Monsignor Ambrose J. Burke was an English professor and Catholic priest who served as the eighth president of Saint Ambrose University from 1940 through 1956.
Education
A native of Iowa, he attended the college"s high school program, and then the college itself, but was expelled from the seminary for a year and a half by the school"s administrator for planning an evening of carousing. At the age of 14 he attended Saint Ambrose Academy in Davenport, Iowa, which was then the high school program for Saint Ambrose University (then known as Saint Ambrose College) and has now been merged into Assumption High School.
Career
He eventually acquired a master"s degree and a doctorate in English from Yale University and returned to Saint Ambrose in 1921 as an instructor. He was appointed the school"s president in 1940 and served for sixteen years, then the longest tenure of any Saint Ambrose president He worked as a pastor and a chaplain for many decades after and remained active until shortly before his death in October 1998, at the age of 102.

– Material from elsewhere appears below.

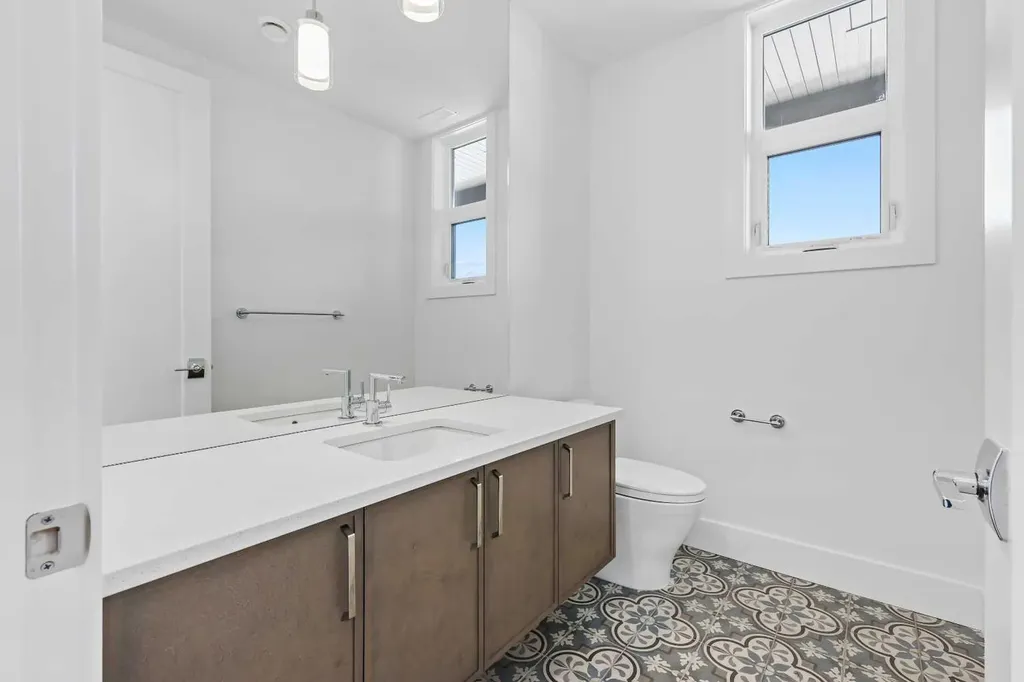 140 Marina Cove SE Calgary AB T3M 3P4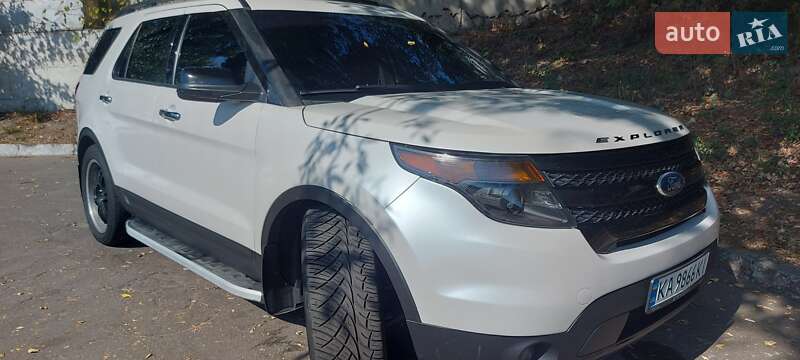 Внедорожник / Кроссовер Ford Explorer 2013 в Первомайске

Burke was born November 27, 1895 in Sigourney, Iowa.
He then moved on to Saint Ambrose College, but was expelled in his second year when his plans to go carousing were discovered by the school authorities. He was not permitted to return to the seminary for a year and a half.
Burke had also obtained his master"s degree and doctorate in English studies from Yale University and returned to Saint Ambrose in 1921 as an English instructor, eventually becoming the head of the department. In 1940 he was appointed to the presidency of the college by Henry Rohlman, then Bishop of the Diocese of Davenport, replacing Carl Meinberg after the latter"s retirement.
Although he claimed original that he did not want the job, as he would have preferred to continue teaching instead, he served in this capacity for sixteen years, the longest tenure in the post until Edward Rogalski"son
During his presidency a library, an administrative building (McMullen Hall), and the Christ the King Chapel were constructed and enrollment reached a then-peak of over 1500 students. During this time he also hosted a three-part series on National Broadcasting Company"s Catholic Hour entitled Sainthood, the Universal Vocation. Burke remained at Saint Mary"s until 1973, when he reached his mandatory retirement, and then served for over a decade as chaplain at the city"s Mercy Hospital.
Foreign his 100th birthday he celebrated a public mass in Clinton and attended a party the following day at Saint Ambrose.
He died on October 6, 1998, at the age of 102, in Clinton and was buried in Mount Calvary Cemetery in Davenport.